No Dubs or women need apply to take Culchie test
Only the annual Culchie Festival with its blatantly discriminatory rules could escape the watchful eyes of the Equality Authority without fear of reprimand.
The 13th staging of the popular event will take place on October 25-28 in Fethard, Co Tipperary for the second year in a row.
Over 20 bucksome lads including the first-ever entrant from the US, Vince Reid from Wisconsin will compete for the coveted title of Culchie of the Year 2002.
Billed as the thinking and drinking man's equivalent of the Rose of Tralee festival, competitors will be asked to undertake a variety of tasks to prove their true sense of quintessential Irish culture.
Among the challenges facing contestants are tests of skill at welly-throwing, nappy-changing, knitting, sandwich-making, potato-picking and singing karaoke.

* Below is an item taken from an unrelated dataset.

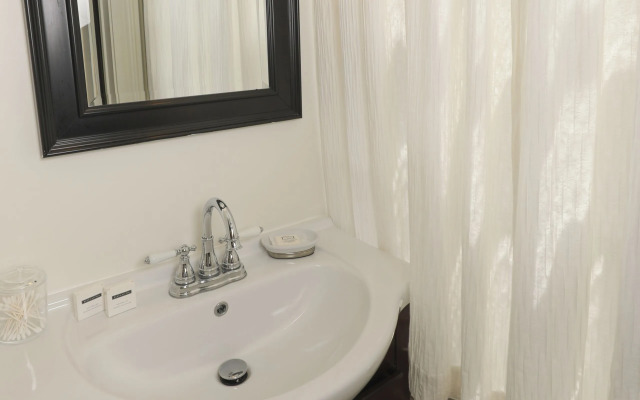 Inn at Taughannock Falls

Proceeds from various events will be donated to the Arthritis Foundation of Ireland, while culchies compete for the coveted top prize of a jacket, gold cufflinks, a bag of spuds and a new pair of wellies.
According to festival organiser, Paddy Rock, the ultimate winner can also look forward to a schedule of public appearances that includes "opening silage pits and naming donkeys".
Last year's Culchie of the Year, 28-year-old Ken Lee, a sales rep and small farmer from Fethard is uncertain whether he will be allowed to try and retain his crown or strictly speaking, his tweed cap.
"The important thing is not to mind making a fool of yourself. The other thing is you have to be in need of a good wife," he laughed.
Details of this year's Culchie Festival were revealed in the alien territory of downtown Dublin yesterday as a daring group of rustics unveiled the new Culchie Throne a rusty toilet on a busy city centre street. A true case of rural cheek competing against urban chic.